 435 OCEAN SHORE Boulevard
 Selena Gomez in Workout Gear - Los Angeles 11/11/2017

------------------------------------------------------------------------

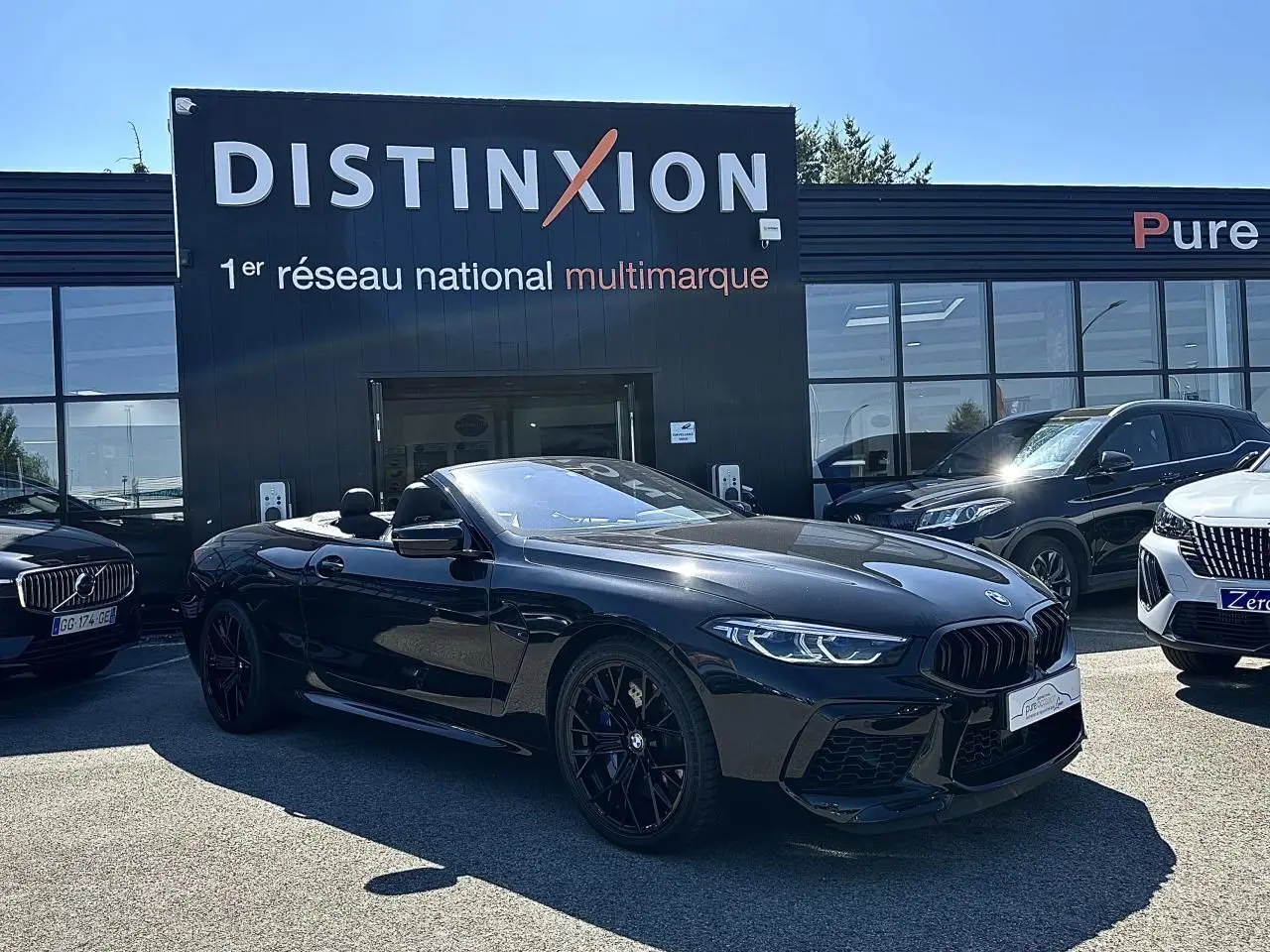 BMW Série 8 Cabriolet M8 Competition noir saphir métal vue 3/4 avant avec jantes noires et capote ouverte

------------------------------------------------------------------------

**TASK DIRECTIONS**
In the listing above, find the line with "435 OCEAN SHORE Boulevard" and the line with "Selena Gomez in", then print exactly those two lines and every line between them, and nothing more.

**TASK SOLUTION**
 435 OCEAN SHORE Boulevard
 Selena Gomez in Workout Gear - Los Angeles 11/11/2017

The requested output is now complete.